Massacesi C, Norman A, Price T, Hill M, Ross P, Cunningham D
The Department of Medicine and GI Unit, The Royal Marsden NHST, London and Sutton, SM2 5PT, Surrey, UK.
Eur J Cancer. 2000 Oct;36(16):2044-52. doi: 10.1016/s0959-8049(00)00286-0.
From our prospectively accrued database of patients with gastrointestinal cancer, 1057 patients with advanced colorectal cancer were identified with the aim of determining predictive factors for survival of greater than 2 years and to use this information to develop a predictive nomogram. Patient's baseline characteristics, type and number of chemotherapy regimens received, and response to chemotherapy were assessed by univariate and multivariate logistic regression comparing those who survived greater than or less than 2 years. A total of 161 (15.2%) patients survived more than 2 years, so-called long survivors (LS). In multivariate analysis, positive predictive factors for LS were: good performance status (PS), normal serum carcinoembryonic antigen (CEA), rectal primary, Dukes' stage A-B, well or moderate differentiation, two or less disease sites, response to chemotherapy and treatment used protracted venous infusion (PVI) 5-fluorouracil (5-FU) in first-line chemotherapy, and the increasing number of chemotherapy treatments received. From these PS, CEA, number of sites and response to first-line chemotherapy were used to develop a nomogram capable of predicting the probability of survival beyond 2 years for an individual patient. This large study confirmed the relevance of known prognostic factors in metastatic colorectal cancer and demonstrated the importance of response to chemotherapy as an independent factor to predict LS. By combining these, we developed a nomogram which provides information which is likely to prove useful in the management of patients with advanced colorectal cancer.

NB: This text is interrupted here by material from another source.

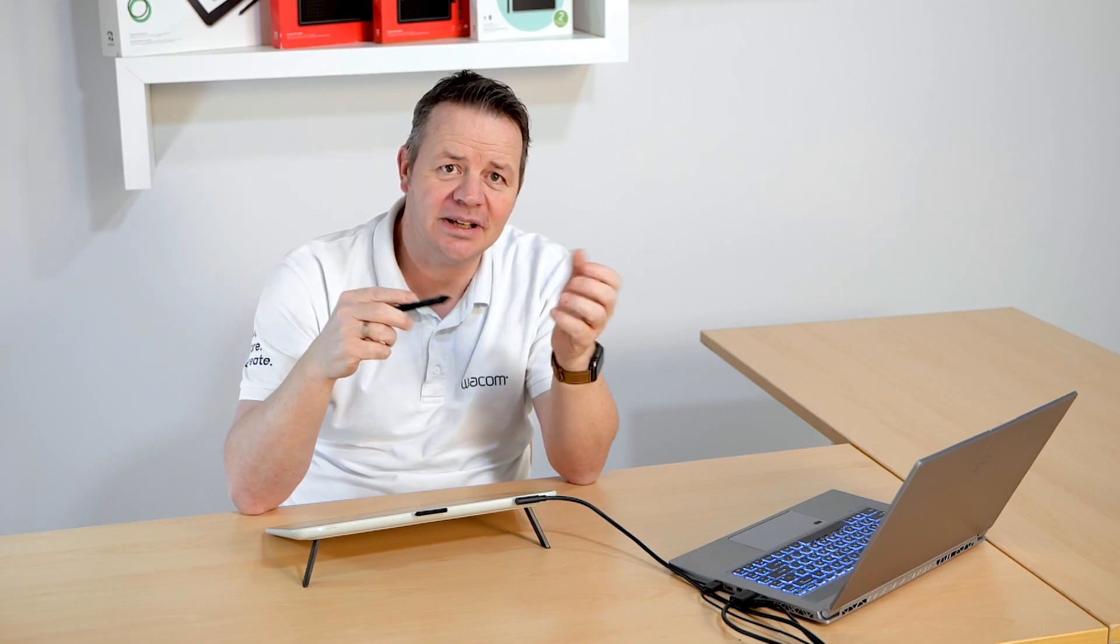Hi, I'm Guido from Wacom and in this short video I will give you an overview on the new application Wacom Notes.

从我们前瞻性收集的胃肠道癌患者数据库中,确定了1057例晚期结直肠癌患者,目的是确定生存超过2年的预测因素,并利用这些信息制定预测列线图。通过单因素和多因素逻辑回归比较生存超过2年和不足2年的患者,评估患者的基线特征、接受的化疗方案类型和数量以及对化疗的反应。共有161例(15.2%)患者生存超过2年,即所谓的长期生存者(LS)。在多因素分析中,LS的阳性预测因素为:良好的体能状态(PS)、血清癌胚抗原(CEA)正常、直肠原发、Dukes分期A - B、高分化或中分化、疾病部位两个或更少、对化疗有反应以及一线化疗中使用了延长静脉输注(PVI)5 - 氟尿嘧啶(5 - FU),以及接受化疗治疗的次数增加。根据这些PS、CEA、部位数量和对一线化疗的反应,制定了一个列线图,能够预测个体患者生存超过2年的概率。这项大型研究证实了已知预后因素在转移性结直肠癌中的相关性,并证明了化疗反应作为预测LS的独立因素的重要性。通过综合这些因素,我们制定了一个列线图,该列线图提供的信息可能对晚期结直肠癌患者的管理有用。